I observe the following:
- Replica 1 runs
Consume()(or.Next()) - Replica 1 starts processing message 1.
- Replica 2 runs
Consume()(or.Next()), does nothing because Replica 1 pre-buffered all 10 messages. - Replica 1 acks message 1 and starts processing message 2.
- Due to AckWait being reached, the unacknowledged messages are redelivered, so Replica 2 starts processing message 2.
- Replica 1 and 2 process messages 3 to 8 because they both pre-buffered all of them.
This effectively leads to 2 undesirable outcomes:
- Both replicas consume almost all messages (which should be fine given consumers are idempotent), and this leads to more replicas not increasing the consumption throughput.
- Consume calls the provided handler function with messages which are already expired due to AckWait.
This is an edge case which only occurs when there are multiple replicas of the same consumer running, messages are slow to process and there are multiple messages waiting to be delivered.
Expected behavior
I would say there is 2 options:
- This is the expected behaviour and it would be useful to add it to the readme.
- Users of
Consume()orMessages()should receive messages which have the full AckWait timeout to process instead of the effective AckWait being related to how long it took to process messages within the current batch.

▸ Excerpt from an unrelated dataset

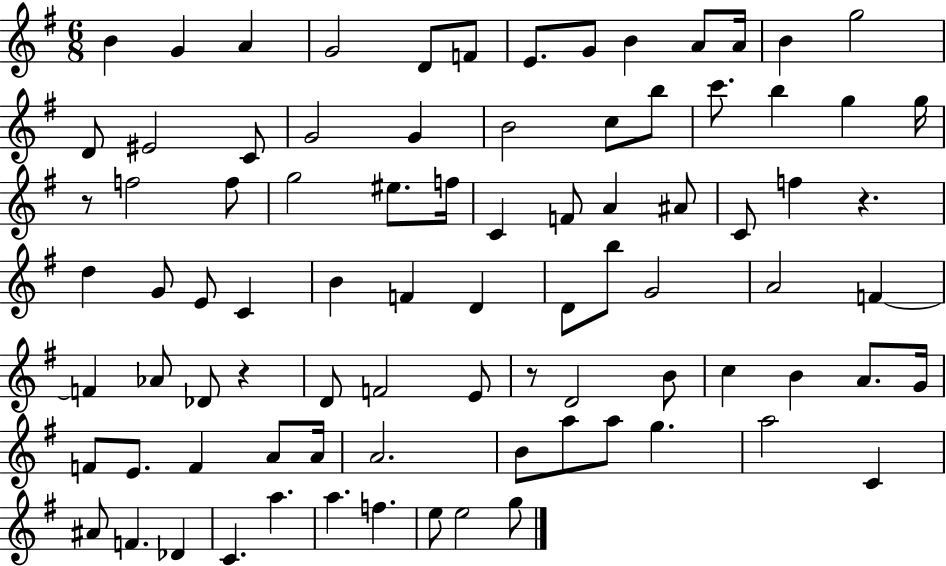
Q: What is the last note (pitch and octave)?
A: G5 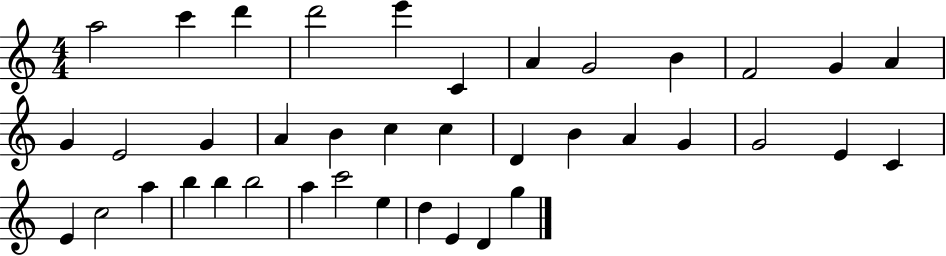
A5/h C6/q D6/q D6/h E6/q C4/q A4/q G4/h B4/q F4/h G4/q A4/q G4/q E4/h G4/q A4/q B4/q C5/q C5/q D4/q B4/q A4/q G4/q G4/h E4/q C4/q E4/q C5/h A5/q B5/q B5/q B5/h A5/q C6/h E5/q D5/q E4/q D4/q G5/q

If this is expected behaviour I would like to know if there is a simple way to overcome this. For now, the most reasonable to me seems to use Fetch() instead and create a context with AckWait as timeout right after.
Server and client version
server: v2.11.8
client: v1.45.0
Host environment
No response
Steps to reproduce
To replicate the observed behaviour you can use the following 2 snippets:
server: to create streams and consumers and send some messages:
func main() {
ctx, cancel := signal.NotifyContext(context.Background(), os.Interrupt)
defer cancel()
nc, err := nats.Connect("nats://localhost:4222")
if err != nil {
log.Fatal(err)
}
js, err := jetstream.New(nc)
if err != nil {
log.Fatal(err)
}
defer js.CleanupPublisher()
stream, err := js.CreateOrUpdateStream(ctx, jetstream.StreamConfig{
Name: "events",
Retention: jetstream.InterestPolicy,
Subjects: []string{"events.>"},
})
if err != nil {
log.Fatal(err)
}
stream.CreateOrUpdateConsumer(ctx, jetstream.ConsumerConfig{
Durable: "processor-1",
})
for i := range 10 {
_, err := js.Publish(ctx, "events.example", []byte(fmt.Sprint(i)))
if err != nil {
log.Fatal(err)
}
}
slog.Info("Published events")
}
client: to use the consumer and ack messages after 28 seconds:
func main() {
ctx, cancel := signal.NotifyContext(context.Background(), os.Interrupt)
defer cancel()
nc, _ := nats.Connect("nats://localhost:4222")
js, err := jetstream.New(nc)
if err != nil {
log.Fatal(err)
}
cons, err := js.CreateOrUpdateConsumer(ctx, "events", jetstream.ConsumerConfig{
Durable: "processor-1",
})
if err != nil {
log.Fatal(err)
}
cc, _ := cons.Consume(func(msg jetstream.Msg) {
fmt.Println("got msg", string(msg.Data()))
time.Sleep(28 * time.Second)
msg.Ack()
fmt.Println("acked msg", string(msg.Data()))
})
defer cc.Stop()
sigChan := make(chan os.Signal, 1)
signal.Notify(sigChan, os.Interrupt)
<-sigChan
}
to replicate run a container with jetstream: docker run -d --rm --name nats -p 4222:4222 nats:2.11 -js, run the first snippet once, then run the second snippet 2 times in parallel.